2)子会社等は経営危機に陥っているか(倒産の危機にあるか)。
3)損失負担等を行うことは相当か(支援者にとって相当な理由はあるか)。
4)損失負担等の額(支援額)は合理的であるか(過剰支援になっていないか)。
5)整理・再建管理はなされているか(その後の子会社等の立ち直り状況に応じて支援額を見直すこととされているか)。
6)損失負担等をする支援者の範囲は相当であるか(特定の債権者等が意図的に加わっていないなど恣意性がないか)。
7)損失負担等の額の割合は合理的であるか(特定の債権者だけ不当に負担を重くし又は免れていないか)。
これらの項目のうち、特に重要と思われる2)~4)について掘り下げます。
2)で挙げられた「経営危機」とは、子会社等が債務超過の状態にあることから資金繰りが逼迫している場合等が想定されます。
債務超過等でも子会社が自力で再建することが可能であると認められる場合は、経済合理性が無いと判断され得るので注意が必要です。
なお、「債務超過が絶対条件」ではありません。
例えば次のようなケースは貸倒損失の経済合理性が認められる可能性があります。
・許認可の関係等で赤字決算では当該許認可等の維持が出来ず倒産を待つ状態になる場合において、これを回避するために財務体質の改善が必要である場合等
・営業譲渡等による子会社等の整理等に際して、譲受者側等から赤字の圧縮を強く求められた場合
ここからは私見ですが、例えば金融機関や主要取引先から強く求められて、やむを得ず赤字圧縮をしたケースなども経済合理性が認められる可能性があるように思います。
つまり、「なんとかしてやらな、しゃーない状態」にあるイメージです。
3)で挙げられた「支援者にとって損失負担等を行う相当な理由」があるか否かは、例えば次の効用が期待されるようなケースとなります。
・損失負担等を行い子会社等を整理することにより、今後被るであろう大きな損失を回避することが出来る場合
・子会社等を再建することにより、残債権の弁済可能性が高まり、倒産した場合に比べ損失が軽減される場合若しくは支援者の信用が維持される場合
つまり、「損失負担する会社にとってメリットがあるからする負担」でないといけないイメージです。
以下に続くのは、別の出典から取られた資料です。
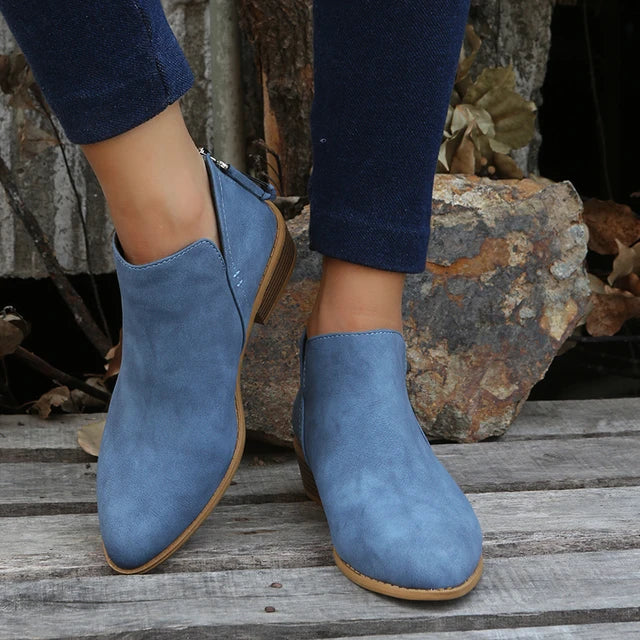 SUENTA Circoloco Damen Stiefelette - Handgefertigt mit klassischer Eleganz Blau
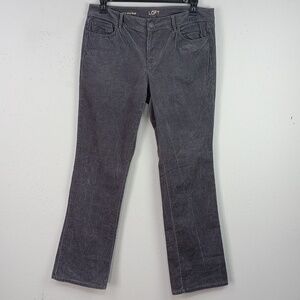 LOFT Women's Charcoal Gray  "Curvy Sexy Boot"  Corduroy  Boot Cut Pants sz 14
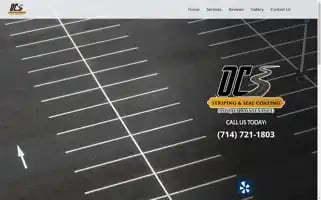Ocstripingandsealcoating.com Screenshot 2024-04-15 17:48:39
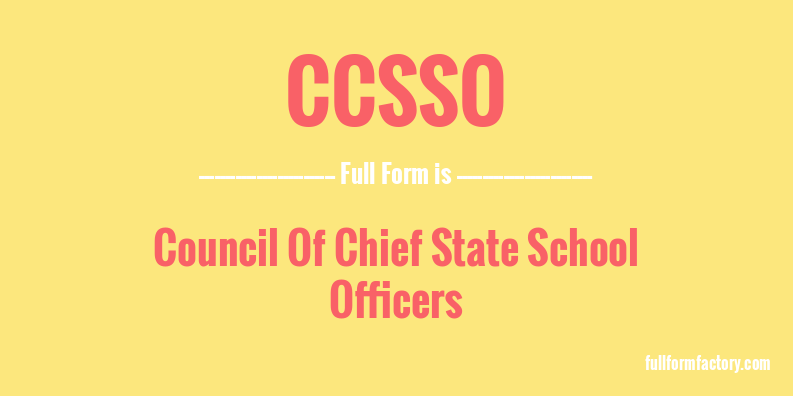 ccsso-full-form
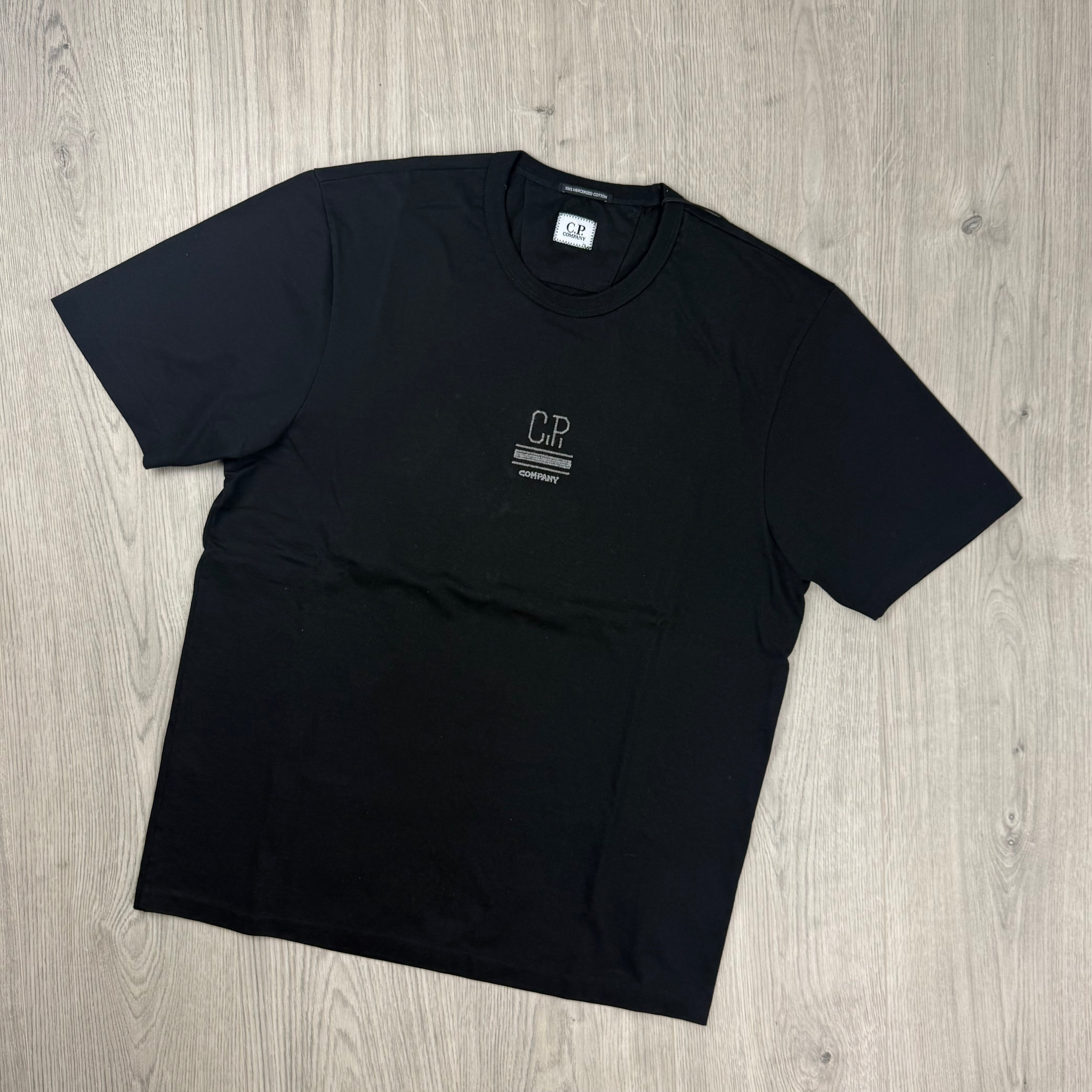 CP Company Embroidered T-Shirt - Black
「子会社のためにする負担」だけではダメです。
次に、4)で挙げられた「損失負担額の合理性」については、次のような点から検討することとなります。
・損失負担(支援)額が、子会社等の整理・経営危機回避・再建のための「必要最低限」の金額か否か
・子会社等の財務内容、営業状況の見通し等及び自己努力を加味したものとなっているか否か
つまり、「経営危機等を回避するための最小限の支援」であり、かつ「子会社等も努力した結果の苦肉の策」でないといけないイメージです。
いかがでしたでしょうか?
海外子会社に対する貸付金について損金処理で債権放棄(海外子会社から見ると債務免除)をする際は、かなり入念な分析と準備が必要です。
「今期は日本親会社の業績が良く、かつ、海外子会社が苦しんでいるので、日本サイドの節税も考慮して思い切って債権放棄しよう!」と単純に処理してしまうと、後からやってくる税務調査でかなり厳しく追及を受けることになります。
また、本当に「経済合理性がある」債権放棄が実態だとしても、それを証明する証拠資料をキチッと作成保存していないと、残念ながら税務当局より指摘を受け、訴訟に発展する可能性すらあります。
貸倒損失について税務当局から指摘を受ける場合は、貸倒損失額の全額が加算されるだけでなく、「そのような処理をしている会社は国際税務に関する対処が出来ていない」と税務調査官に心証づけることにもなりかねません。
海外関連者に対する貸倒処理に際して準備しておくべき書類は非常に多岐にわたりますので、国際税務の専門家へ御相談されることをお勧め致します。